▶ [Your task]: From the first line down to the line containing "can t rename crypto folder", print the records below exactly, leaving every picture out.

▶ [Information shown]:
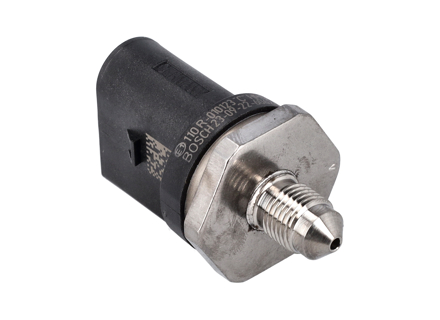 Brandstofdrukzender. Porsche 95B Macan / 970.2 Panamera / 958 Cayenne / 991.2 turbo / GT3 - PAC906054, 06J906051F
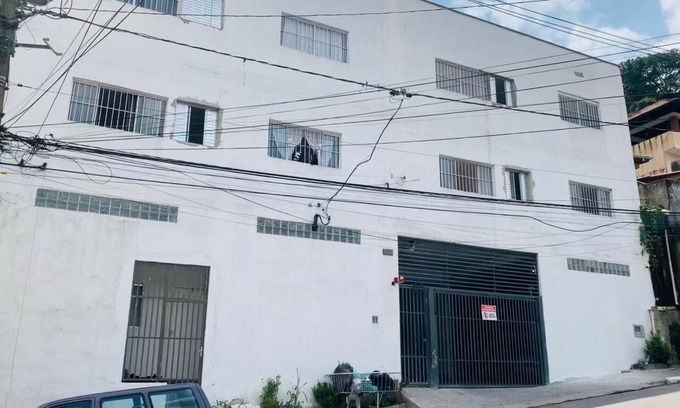 Zona Norte Apartamento | Apartamentos / Studios / Flats em São Paulo Zona Norte Tremembé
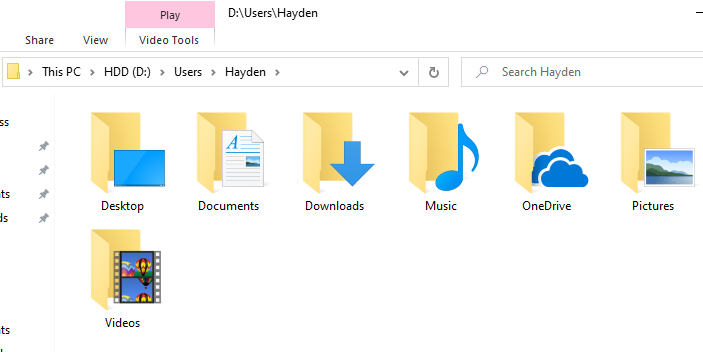 can t rename crypto folder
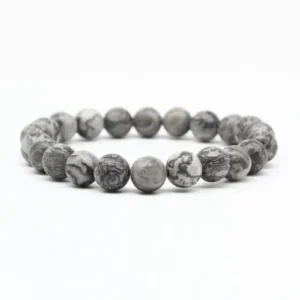 Wholesale Map Stone Bracelets For Sale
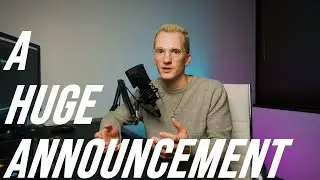I'M STREAMING AGAIN | Schedule and Content Update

▶ [Output below]:
 Brandstofdrukzender. Porsche 95B Macan / 970.2 Panamera / 958 Cayenne / 991.2 turbo / GT3 - PAC906054, 06J906051F
 Zona Norte Apartamento | Apartamentos / Studios / Flats em São Paulo Zona Norte Tremembé
 can t rename crypto folder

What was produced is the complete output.